People often disagree about how best to keep dangerous people from getting dangerous weapons, but very few argue we should have no gun laws at all.
By large majorities, Americans continue to believe that policies like criminal background checks on all gun sales, waiting periods, strong police crack-downs on illegal guns, handgun registration, and restrictions on access to military-style assault weapons, are common sense ideas we should enact into law.
Take the assault weapons example. Since the 1990's, opinion surveys have shown strong and consistent public support for restrictions on access to military-style semi-automatic assault weapons - about 70% of Americans, depending on the survey. This support helped lead to a national law strictly regulating their sale and possession between 1994 and 2004.

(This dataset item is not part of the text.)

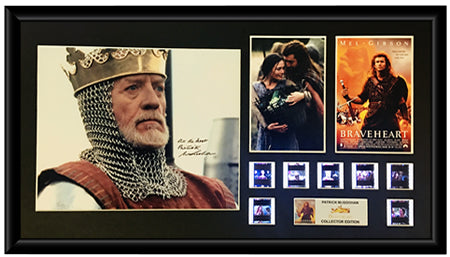 Braveheart (1995) - Autographed Patrick McGoohan Film Cell Display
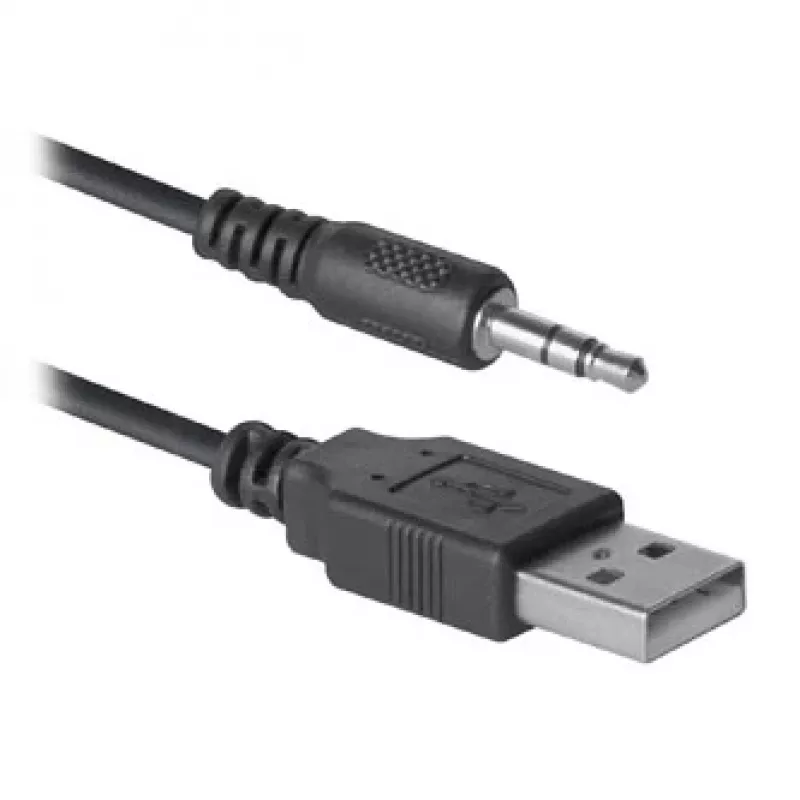 DEFENDER SPK-240 káblové stolové reproduktory, 2.0, 6 W RMS, USB napájanie, 3,5 mm, čierne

Sen. Joe Biden was a leader in drafting that law and getting it passed, and police were grateful for it. During the ten years it was in effect, the law helped reduce the number of specified assault weapons traced to crime by 66% compared to the pre-ban rate.
To put it another way: approximately 60,000 more assault weapons might have been traced to crime between 1994 and 2004 if it weren't for the Assault Weapons Ban. Unfortunately, Congress and President Bush allowed it to lapse.
To take one example, after the ban expired, Miami-Dade Police reported a 400% increase in the number of assault weapons used between 2005 and 2006. And in September of last year, Miami-Dade Police Officer Jose Samohano was shot and killed with an assault weapon that a new and stronger assault weapons law might have taken off the streets.
Yet when Charlie Gibson asked Gov. Sarah Palin last month whether she agreed with 70% of the American people who support a ban on semi-automatic assault weapons, she replied, "I do not."
There wasn't a lot of time in that interview to probe exactly why she disagrees. It would be a useful part of tonight's debate if we could find out.